The primary cause of delays was the acute shortage of railway cars. As a report from the city of Kuibyshev put it, “Railway authorities do not provide the required number of railway cars for the dispatch of evacuees.” The transportation of millions of people and goods posed a formidable challenge, which tested the limits of the country’s infrastructure.
By November 20, 1941, 914,380 railway cars had been sent east carrying raw materials, industrial goods, machinery, and people. One year later, the number had risen to more than a million and a half. This represented a substantial proportion of the country’s overall transportation capacity. In July 1941, almost half of the existing stock of railway cars was involved in the evacuation.
Evacuee transport was significantly complicated by the seemingly limitless needs of the front. In the eastern Ukrainian Republic, for example, officials noted that the “directors of the stations are incapable of sending the evacuees anywhere due to the lack of passenger trains and the absence of covered rolling stock, used only for the needs of the front.”

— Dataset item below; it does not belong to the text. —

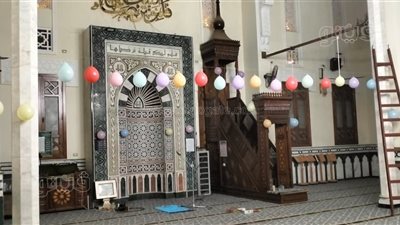 مسجد الشاذلي في الباجور يتزين بالبلالين استعدادا لصلاة عيد الفطر (صور)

A similar problem was reported on the Black Sea during the evacuation of the Crimea in August 1941, when repeated requests for boats were refused on the grounds that it would simply not be possible “until the freeing up of ships from Odessa.” The shortage of railway cars had a dramatic impact on both the efficiency of the overall process and on the conditions in which people traveled.

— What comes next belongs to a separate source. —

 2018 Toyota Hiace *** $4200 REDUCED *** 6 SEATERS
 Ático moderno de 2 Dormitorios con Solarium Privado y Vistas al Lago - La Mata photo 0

The situation was particularly dire in Stalingrad. In late November, a special commission was dispatched to Stalingrad to investigate reports of problems in evacuee transit. They found “two hundred thousand evacuated people, not only on the trains but at the stations, evacuation centers, and harbors, on the streets, in the stadium, on city squares, and…on the outskirts of town.”
The city on the lower Volga that was to become the site of one of the most famous battles of World War II was, in the first year of the war, one of the primary reception points for evacuees. In the first seven months of the war, 438,500 people passed through the city’s evacuation center. According to monthly reports from the center, not a single evacuee spent fewer than two full weeks waiting for connections.
Predictably, such conditions sparked bursts of outrage. In mid-November 1941, Nikolai Shvernik, chairman of the All-Union Council of Trade Unions, received an irate letter from a communist stranded in Stalingrad on his way from the Donbass region of the Ukraine to Novosibirsk in southwest Siberia.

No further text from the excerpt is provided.